Le refus créationniste de voir les conséquences évidentes de schémas évidents visibles dans la nature
Billet du mois : août 2011
par Robert L Camp
Objet: | Voir aucun motif, entendre aucun motif, dire aucun motif Date: | 25 août 2011 Message-ID: | 8ff10bd2-9d47-443a-a4c7-011795cb31fe@l7g2000vbz.googlegroups.com
(Le passage suivant fait partie d'un échange entre John Harshman et Anthony022071, tiré du fil « Contre la théorie de l'évolution ».)
>>> cela ne signifie pas que l'ADN commun entre les espèces est
>>> « partagé » au sens d'avoir été hérité d'une même espèce ancestrale
>>> hypothétique.
> de similarité et de différence génétiques. Pourquoi donc faut-il relier
> toutes les espèces entre elles à travers une évolution supposée à partir d'un
> organisme-ur-hypothétique au commencement ?
« Pourquoi cette nécessité... », en effet. Je pense qu'il s'agit d'une question intéressante et révélatrice. Ce que Anthony ne semble pas avoir envisagé, c'est qu'il pourrait aussi se demander « Quelle est cette nécessité de regrouper les observations de l'atmosphère et de la température dans des modèles à travers des hypothèses météorologiques supposées sur la prévision du temps ? » ou, d'autre part, « Quelle est cette nécessité de rassembler des indices sur la localisation possible d'une chose une fois qu'on l'a perdue ? » (Indice : cela a à voir avec le désir de récupérer la chose.)
Il y a chez les créationnistes une fréquence de cette attitude telle que, à mon avis, elle devrait porter un nom (peut-être en a-t-il déjà un), quelque chose dans la veine de « l'Argument du triple Singe ». L'approche, lorsqu'elle n'est pas un refus catégorique qu'un schéma d'observations déclenchant des questions causales existe vraiment, semble avoir une orientation proche du déni du fait que de telles questions devraient nous concerner, ou même être prises en considération.

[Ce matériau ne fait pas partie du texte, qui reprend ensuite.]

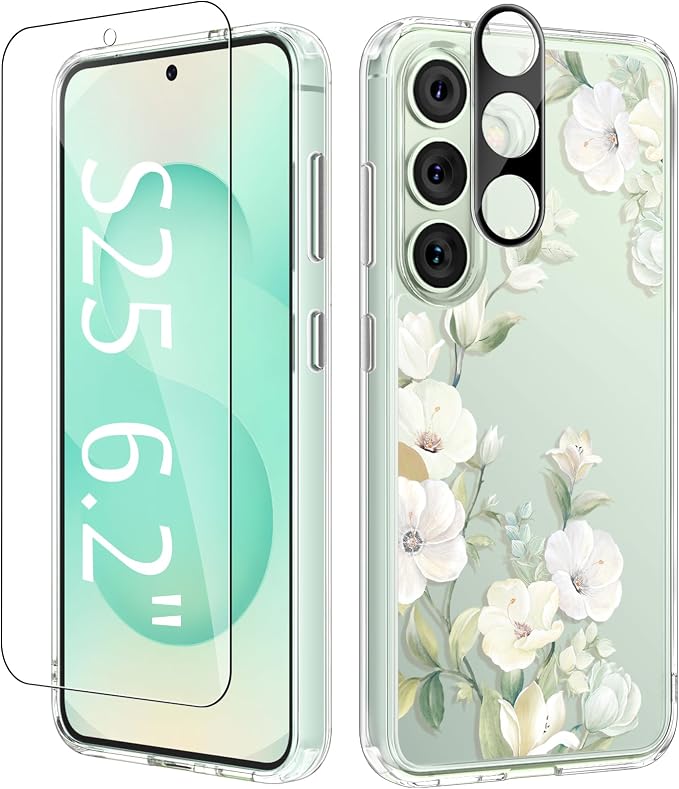 GVIEWIN for Samsung Galaxy S25 Case, Clear Floral Slim Shockproof Protective Women Phone Case, Non-Yellowing, with Screen Protector & Camera Lens Protector for Galaxy S25 6.2", Hibiscus/Green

Une des raisons pour lesquelles je trouve cette attitude si fascinante est qu'elle me paraît être une répudiation directe d'un aspect unique, vital et noble de l'humanité : la capacité, et le désir, d'agréger de multiples (bloc de) faits d'information parfois apparemment disparates en événements reliés, qui, lorsqu'ils sont considérés à la lumière de l'expérience de la causalité, peuvent être transformés en hypothèses, puis en connaissance. Les humains extraient des schémas à partir d'observations associées. Cela fait partie de notre structure cognitive d'identifier et de regrouper des connexions qui forment ensuite la base de la compréhension. Nous ne pouvons pas ignorer cette part de nous-mêmes plus que nous ne pouvons nier l'instinct de prendre soin de notre progéniture.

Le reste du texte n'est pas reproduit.